Memories and life lessons inspired by the author’s mother, who was murdered in 2021.
“Neither my mother nor I knew that her last text to me would be the words ‘Think you’ll be happy,’ ” Avant writes, "but it is fitting that she left me with a mantra for resiliency.” The author, a filmmaker and former U.S. Ambassador to the Bahamas, begins her first book on the night she learned her mother, Jacqueline Avant, had been fatally shot during a home invasion. “One of my first thoughts,” she writes, “was, ‘Oh God, please don’t let me hate this man.

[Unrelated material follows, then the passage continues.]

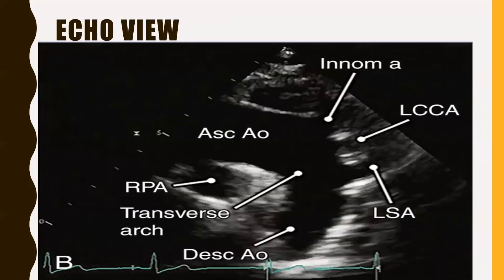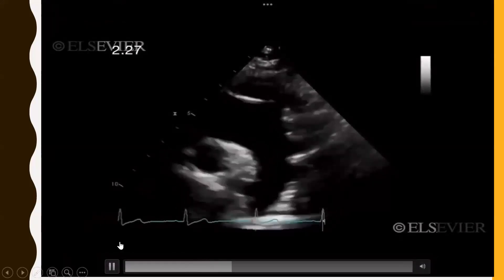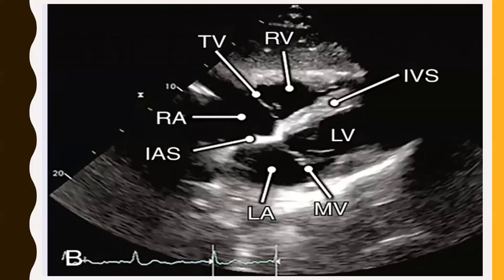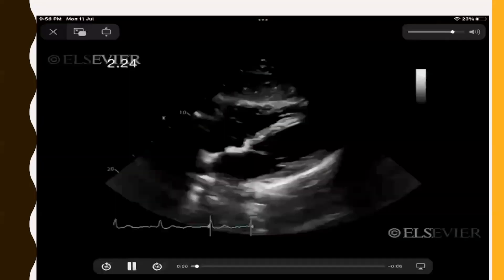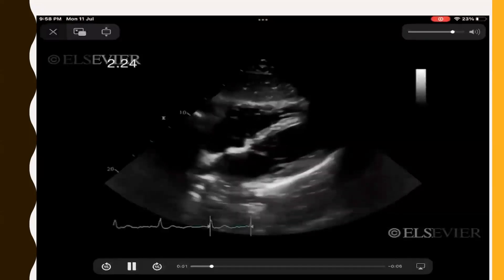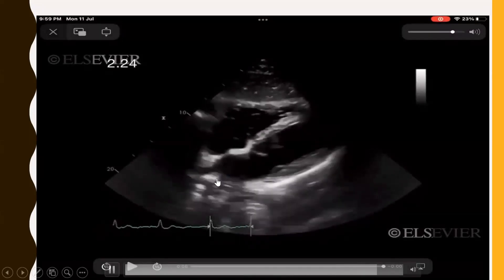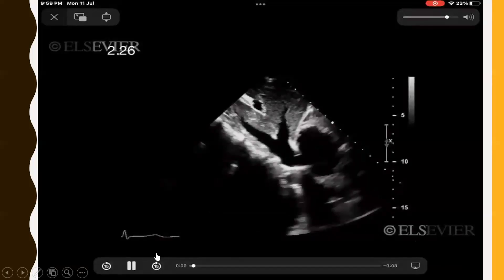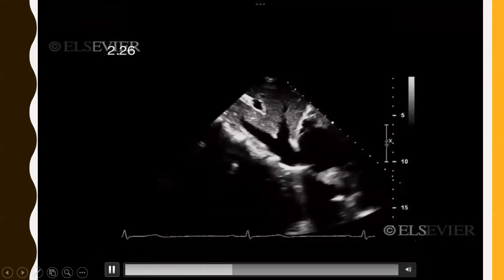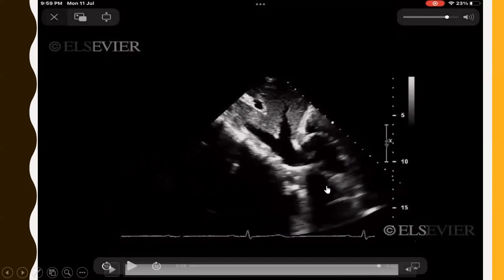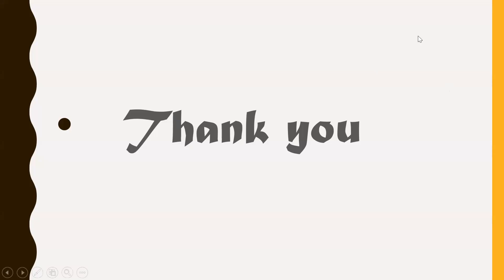The suprasternal view shows the aorta and its branches. The subcostal view shows LA, LV, mitral valve, RA, RV, and the tricuspid valve. The subcostal IVC view shows the IVC and hepatic vein merging and opening into the RA. This concludes the session; upcoming classes will discuss different valvular heart diseases and their echocardiographic findings.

Give me the strength not to hate him.’ ” Daughter of Clarence Avant, known as the “Black Godfather” due to his work as a pioneering music executive, the author describes growing up “in a house that had a revolving door of famous people,” from Ella Fitzgerald to Muhammad Ali. “I don’t take for granted anything I have achieved in my life as a Black American woman,” writes Avant. “And I recognize my unique upbringing…..I was taught to honor our past and pay forward our fruits.” The book, which is occasionally repetitive, includes tributes to her mother from figures like Oprah Winfrey and Bill Clinton, but the narrative core is the author’s direct, faith-based, unwaveringly positive messages to readers—e.g., “I don’t want to carry the sadness and anger I have toward the man who did this to my mother…so I’m worshiping God amid the worst storm imaginable”; "Success and feeling good are contagious. I’m all about positive contagious vibrations!” Avant frequently quotes Bible verses, and the bulk of the text reflects the spirit of her daily prayer “that everything is in divine order.” Imploring readers to practice proactive behavior, she writes, “We have to always find the blessing, to be the blessing.”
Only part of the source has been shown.